New Zealand Credit Law Bulletin - Vol 7, No 7, October 2007
A free, plain English review of recent law and items of interest for creditors, produced by Hattaway & Associates Ltd, Credit Consultants. To subscribe send a blank email to: nz-bulletin-join@mailman.hattaways.com
Plain language disclaimer:
This bulletin is not legal advice. Do not make decisions on legal matters based on a brief commentary. Instead, get professional legal advice.
In this issue:
- Pacific Consumers’ Behaviour and Experience in Credit Markets, with Particular Reference to the ‘Fringe Lending’ Market
For a better understanding of the thinking of Pacific borrowers, read this report - Directors certify that company is solvent, wind it up, and liquidation completed
What can the unhappy potential creditor do? - Full and final settlement cheque case
Creditors who get this wrong miss out on their money - IRD not happy with liquidator
Has liquidation declared invalid, then winds company up properly and appoints its own liquidator
1. Pacific Consumers’ Behaviour and Experience in Credit Markets, with Particular Reference to the ‘Fringe Lending’ Market
http://www.consumeraffairs.govt.nz/policylawresearch/research/pacific-consumers/report/index.html
The Credit Contracts & Consumer Finance Act came into force on 1 April 2005. A review of the operation and implementation of the Act for the Minister of Consumer Affairs will be completed by 31 March 2008. The report will recommend possible areas where the legislation may need to be amended to improve its effectiveness. (In our view, lenders can expect more change.)
As part of this review, the Ministry has had some research done by Auckland University (Auckland UniServices Limited) on the “fringe lending market”, and its lending to Pacific Island consumers. The research included focus group interviews and 50 individual face-to-face interviews. It focused largely on people of Samoan and Tongan background from South Auckland.

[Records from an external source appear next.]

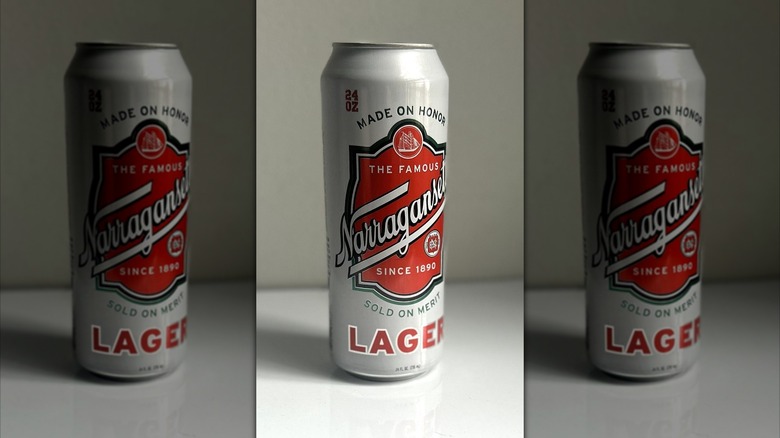 Tall can of Narragansett lager on a white background on table, mirrored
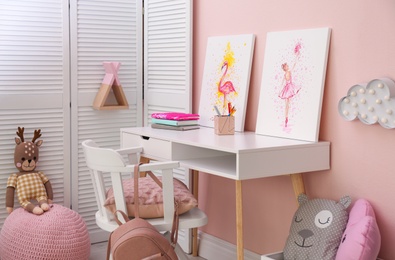 Photo of Stationery and pictures on white table in children's room. Interior design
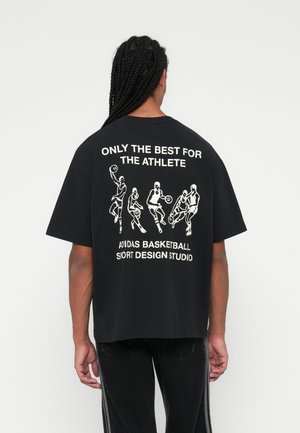 Sort oversized t-shirt med et hvidt grafisk print af basketballspillere og tekst på ryggen, med rund halsudskæring og korte ærmer.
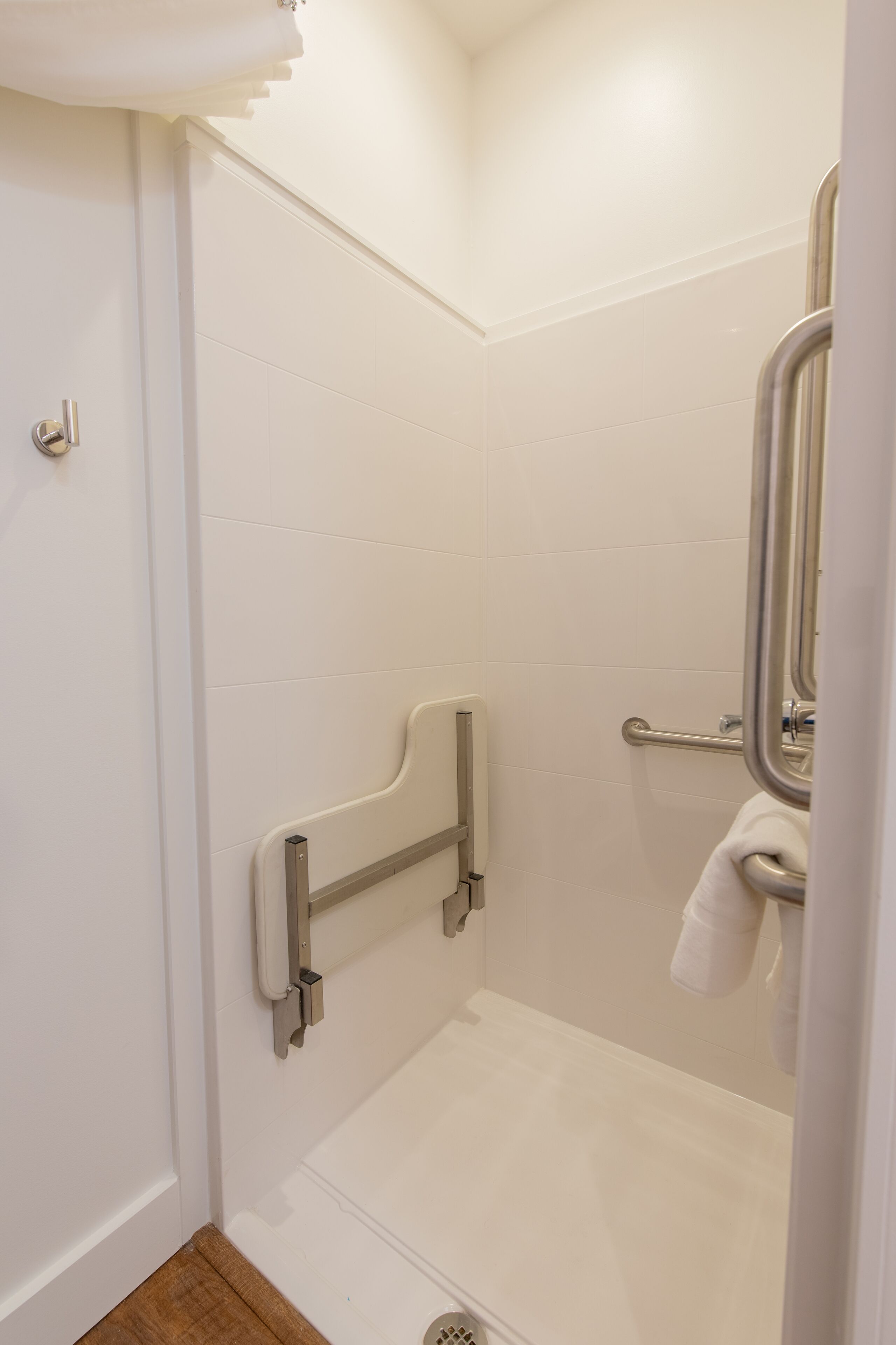 A bathroom with white tiled walls, a shower area, a grab bar, and a towel hanging on a rack.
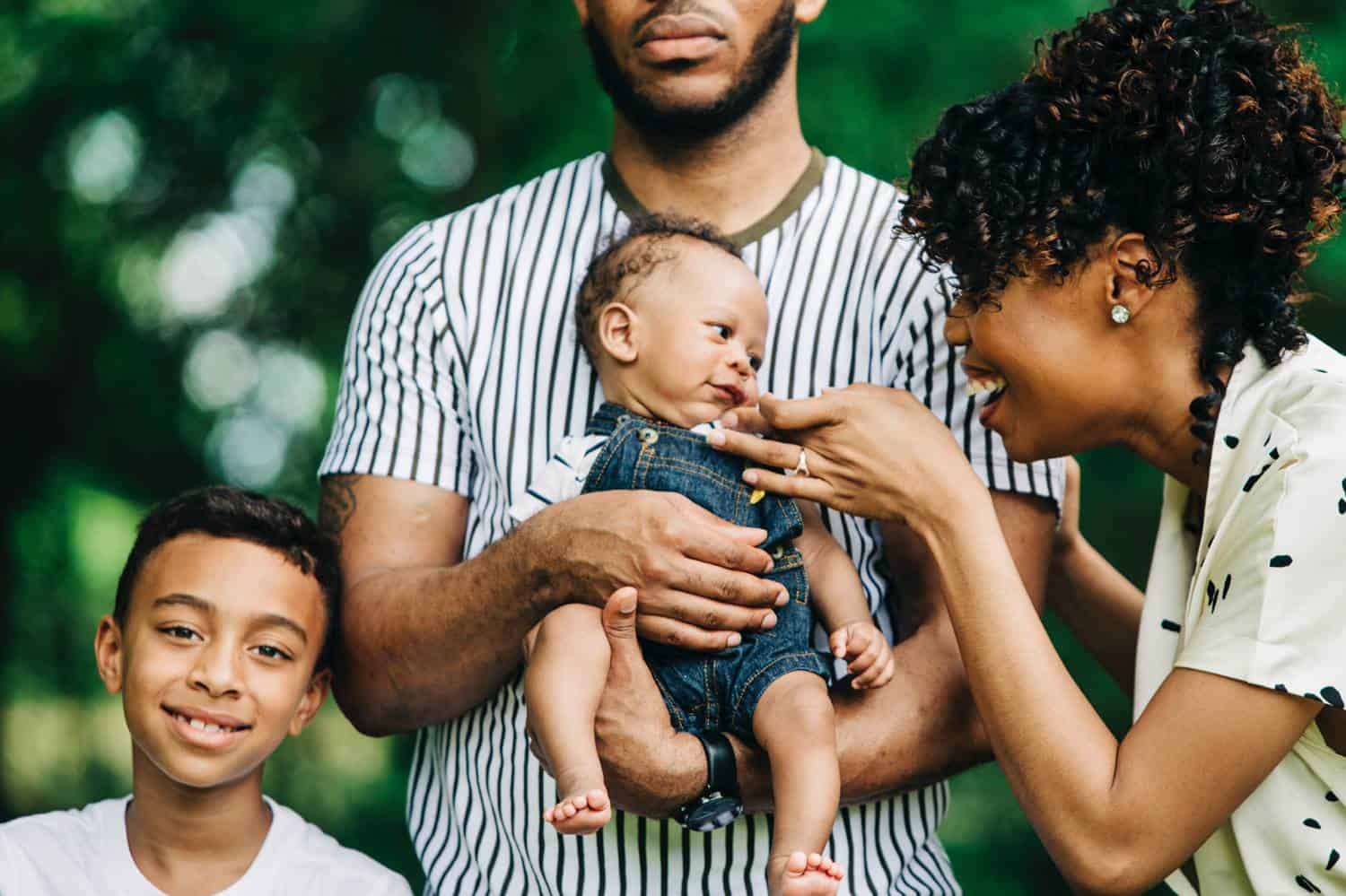 A Black family stands close together for an outdoor portrait. The father is holding their infant baby, while the mother tickles the baby's cheek. An older son stands close to his dad, smiling.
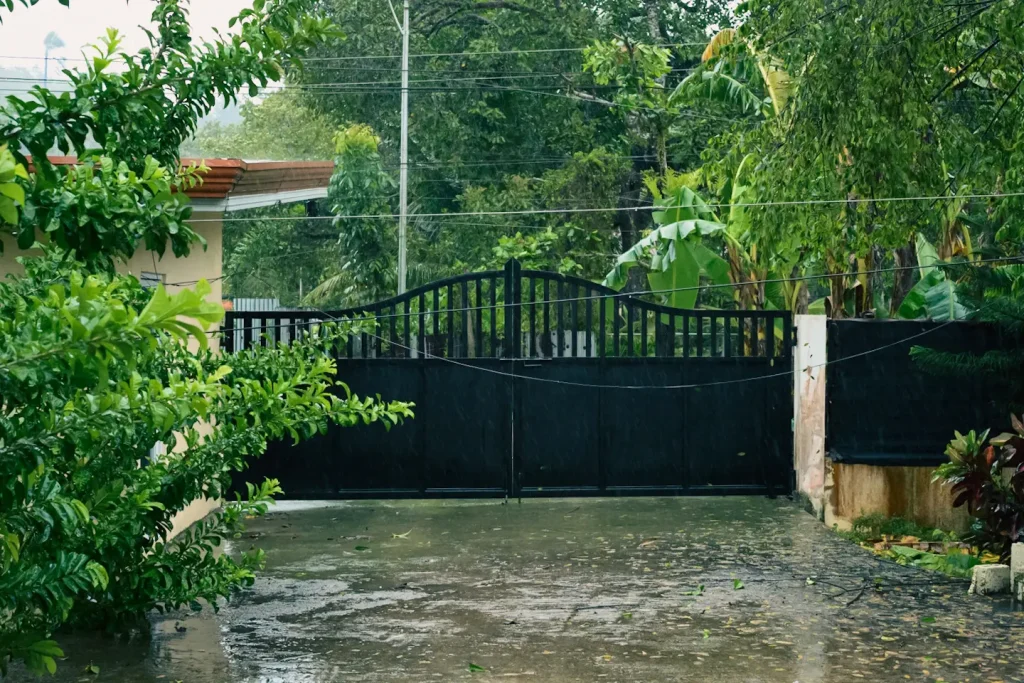 The view of a houses gate and driveway in driving rain caused by the aftermath of typhoon Tino in the Philippines. Photo taken on the Nikon Z6III camera. 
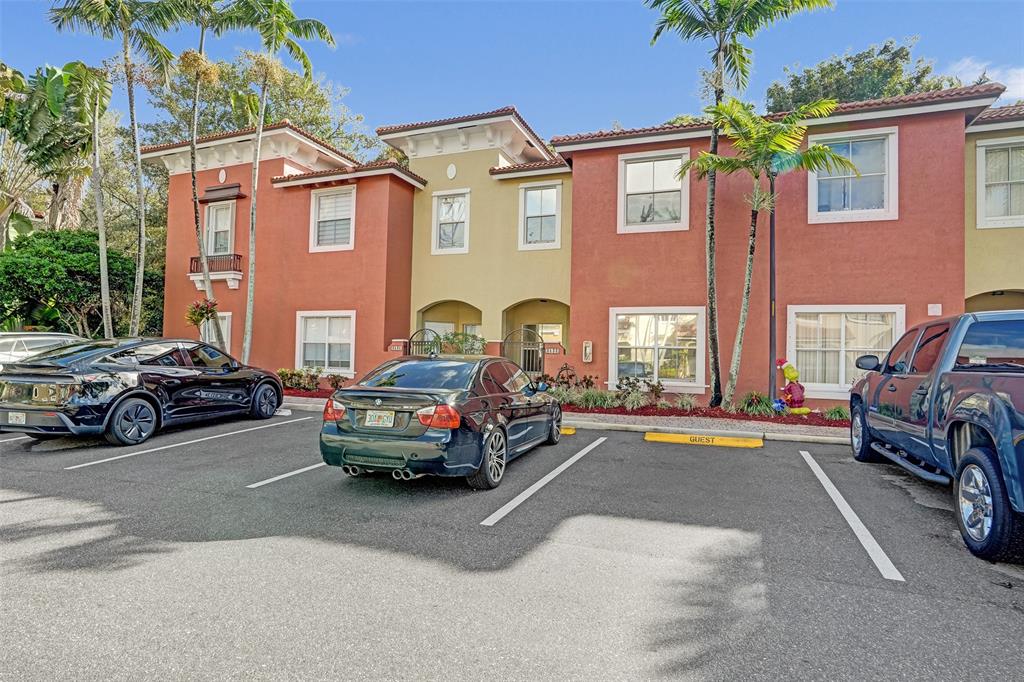 3533 Merrick Lane Margate, FL 33063 - Photo 1 of 27 a car parked in front of a brick house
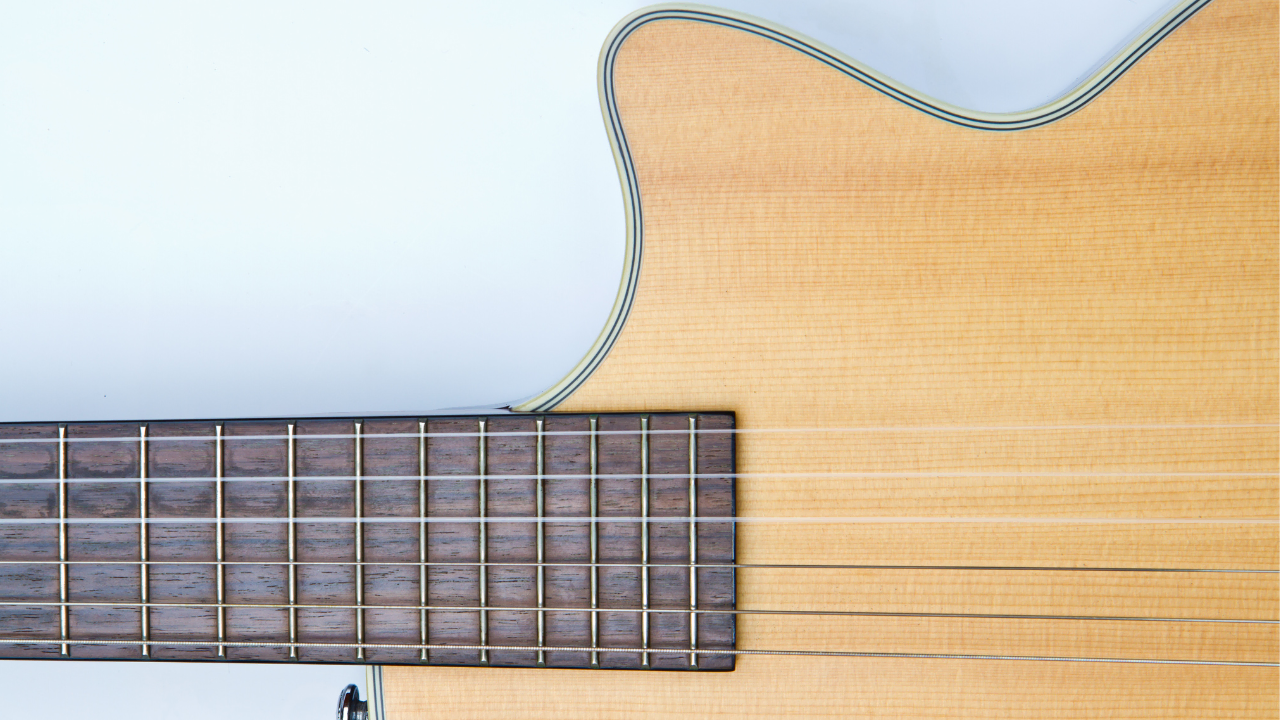 Displays acoustic guitar without soundhole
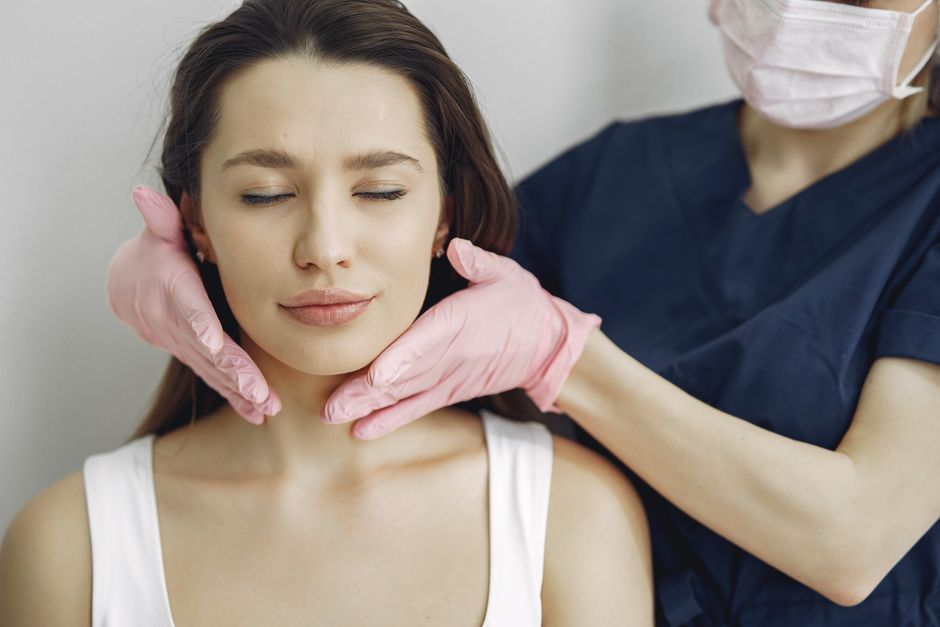 Person receiving a professional aesthetic skin treatment in a calm modern clinic, natural-looking results, reassuring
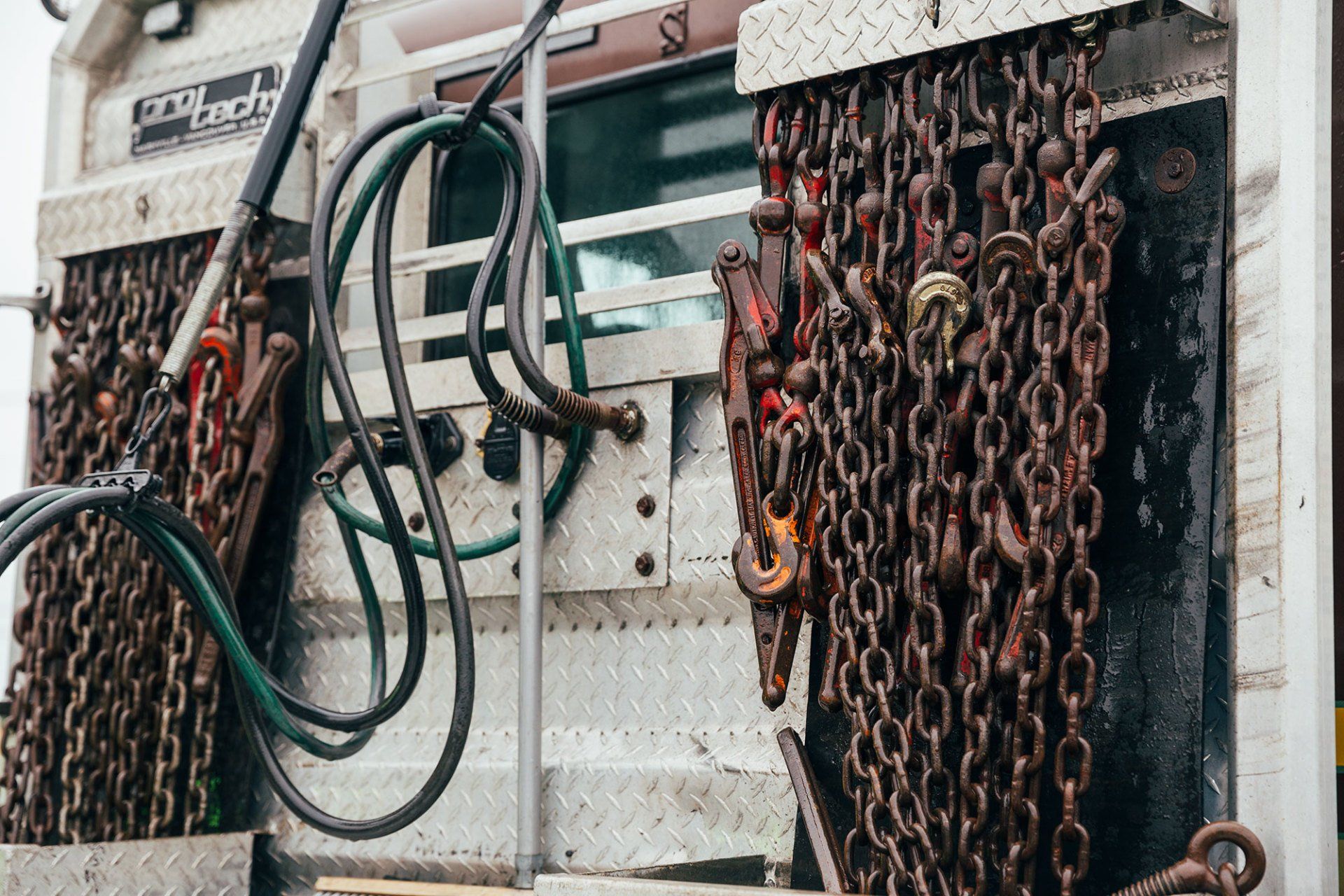 A close up of a truck with chains and hose attached to it.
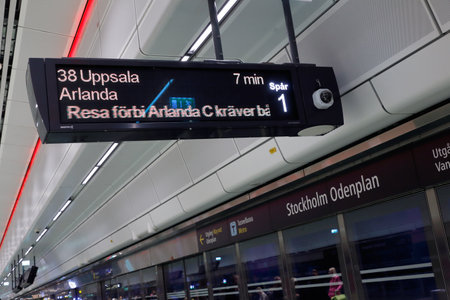 Stockholm, Sweden - September 8, 2017: Destination sign at commuter railroad station Stockholm Odenplan with train for Uppsala via Arlanda airport.のeditorial素材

The report says that the Minister of Consumer Affairs intends to convene a summit of individuals and groups with an interest in financial issues and consumers “later in 2007”. “The purpose … would be to bring the wide range of interested business, voluntary sector and community groups, and government agencies together to talk about how current credit law, lending practices, financial education and community and business partnerships operate and new ideas for enhancing this suite of practices/initiatives.” We recommend that lenders and other consumer creditors make an effort to be involved in this summit.
The report quotes other research which “identified 185 fringe lending companies, 94% of which offer cash or personal loans, 43% car loans and 26% debt consolidation loans. In terms of location, a significant number (71) operate in Auckland and are concentrated in South Auckland.
Over half of the total number of fringe lending companies advertise in at least one community or ethnic newspaper with Tongan (Taimi o Tonga) and Samoan (Samoana) papers carrying the most advertisements.”
The anecdotal nature of the report is a weakness. For example, it looks at what people are saying they borrow and spend their money on, rather than on an objective analysis of statements of financial position (which would obviously be much harder to get). As a result, some of its conclusions appear to me to be somewhat doubtful.
However, some of the anecdotes in its 143 pages do make fascinating reading, and overall there is probably value in the exercise. Here are some snippets. If you deal with Pacific customers, you should read this report.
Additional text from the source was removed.